WHAT THE EXERCISE ASKS:
Each line below from the line with "Flancs de carénage carbone" to the line with "Polera gris con" must be copied exactly, including those two, and no picture may appear in the copy.

EXTRACTED DATA:
****

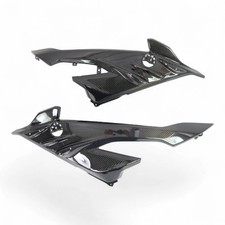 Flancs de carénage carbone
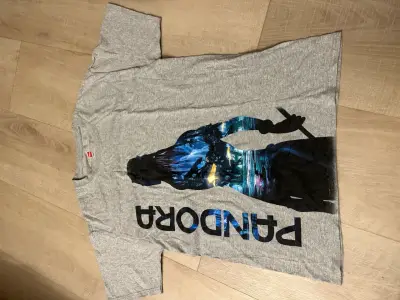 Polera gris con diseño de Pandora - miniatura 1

****

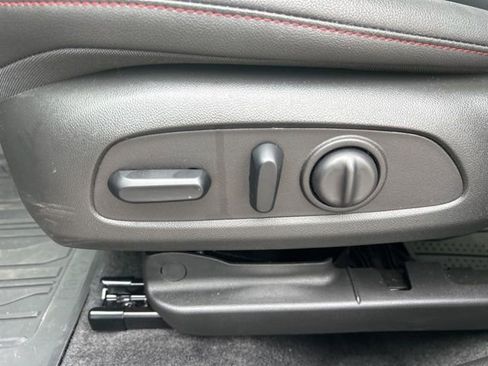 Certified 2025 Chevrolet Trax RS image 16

****

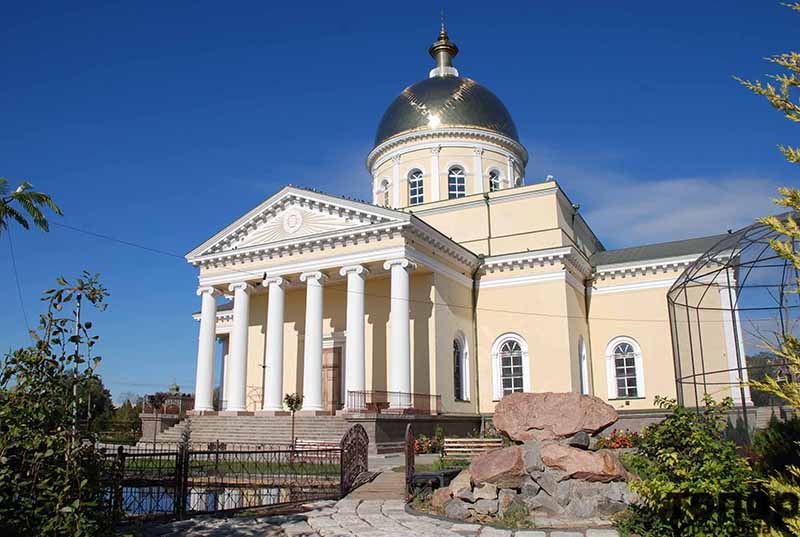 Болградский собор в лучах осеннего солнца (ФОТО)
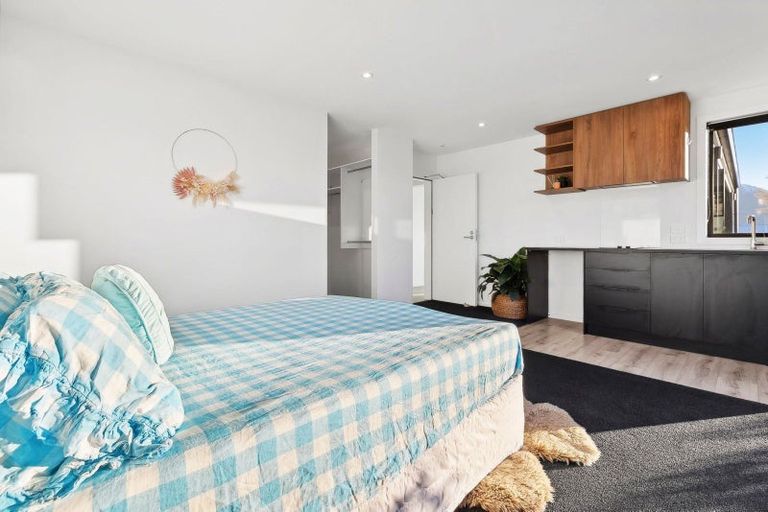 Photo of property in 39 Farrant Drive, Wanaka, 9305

****

ANSWER TO THIS PROBLEM:
 Flancs de carénage carbone
 Polera gris con diseño de Pandora - miniatura 1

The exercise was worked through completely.